La participation du citoyen dans l’action civique pour une bonne gouvernance n’est pas chose nouvelle dans le droit tunisien, puisque la dictature a usé de la notion de participation pour la dévergonder en la mettant à la sauce autoritaire.
C'est le cas du dispositif du citoyen superviseur المواطن الرقيب détourné de son véritable objectif, transformé en instrument à son service. Or, il s’agit bien d’une technique relevant de la raison participative en politique, qui est susceptible d’aider à revitaliser la démocratie pour une bonne gouvernance.
Il suffirait, dans le cadre de la refonte générale et approfondie du droit positif actuel (qui est encore, rappelons-le celui du régime déchu) de reprendre ce texte toujours en vigueur dans le sens des nouvelles réalités du pays. On en ferait rapidement une arme efficace dans le sens de son esprit initial.
C’est dans ce cadre d'ailleurs que s’insère la dernière manifestation de la très active fédération d’associations Doustourouna, organisée samedi 21 juin autour du rôle de la société civile dans l’interpellation et le contrôle du politique.
Lançant une initiative dans ce sens, inspirée d’une expérience concluante ayant lieu en Ouganda, les organisateurs ont affirmé leur objectif de sensibiliser la société civile tunisienne au rôle qu‘elle pourrait et devrait jouer dans le contrôle et de l’action des politiciens et de leur sérieux au service de l’intérêt général en vue d’aboutir à une bonne gouvernance du pays.

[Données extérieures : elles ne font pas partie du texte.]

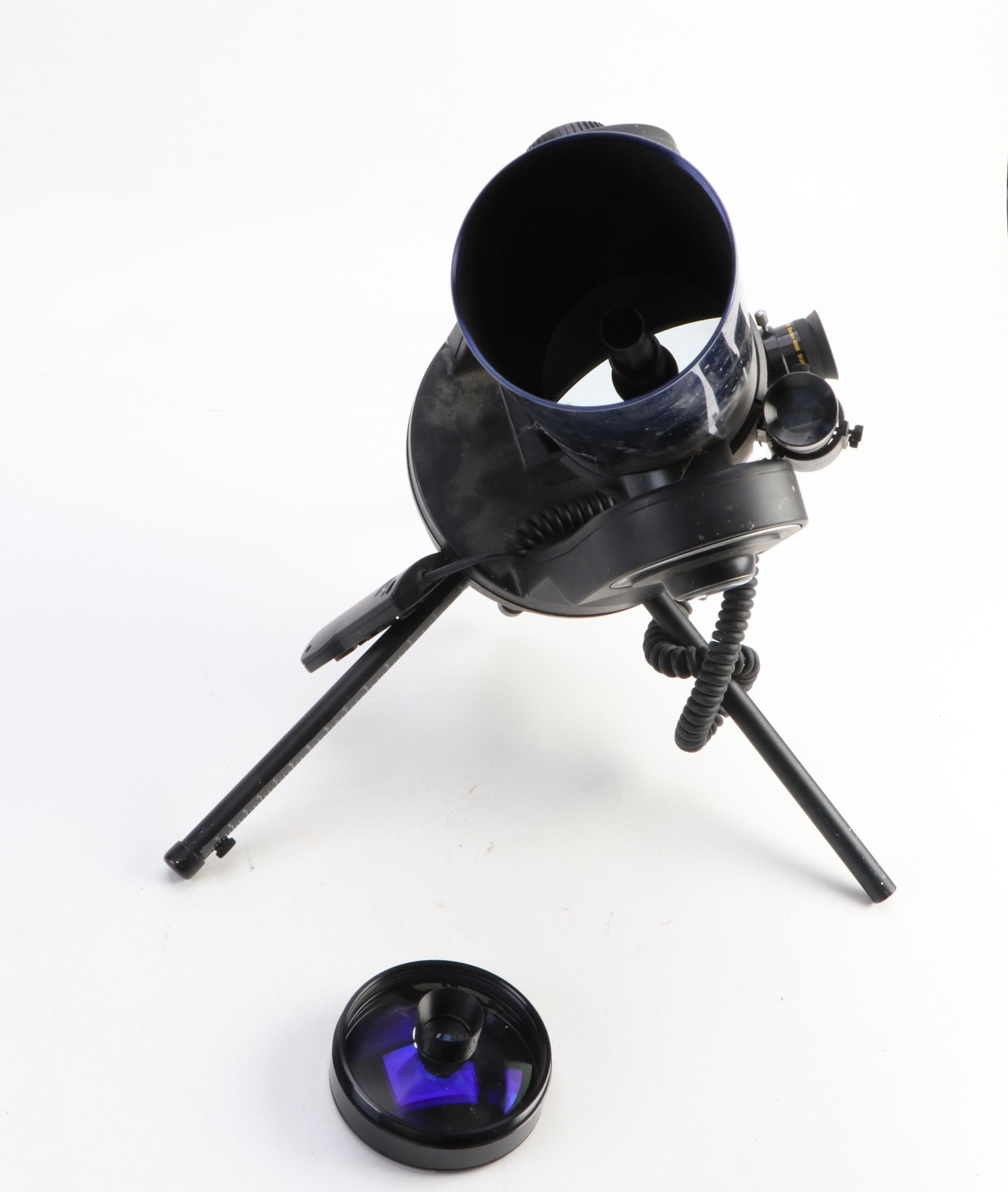 Meade ETX-90EC Astro Telescope with Electronic Controller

On a insisté aussi, lors de ce séminaire, sur la nécessité d’agir efficacement pour consolider la transition démocratique par le renforcement du rôle du citoyen à contrôler, interpeller et exiger des comptes du personnel politique censé servir les intérêts populaires et non les siens propres. Ce rôle nécessite un mécanisme citoyen de surveillance des partis, seul de nature à créer une culture nouvelle de pratique politique où le citoyen et le politique ne s’ignorent plus en dehors des périodes électorales, l’un étant en mesure de demander des comptes à tout moment à l’autre qui doit demeurer dépendant du premier. Nous avons déjà dit ici même que cela pourrait l'être par exemple selon un engagement de mission comportant des objectifs avec le devoir impératif de les honorer.
C’est donc bien d’une revitalisation des mécanismes de la raison participative en Tunisie qu’il s’agit, à l'instar du mécanisme susmentionné de citoyen superviseur. Cela suppose aussi qu’on agisse pour opter au seul scrutin électoral approprié à un tel rôle du citoyen, qui est le scrutin uninominal rationalisé avec un contrat de mission contrôlable s’imposant au futur élu.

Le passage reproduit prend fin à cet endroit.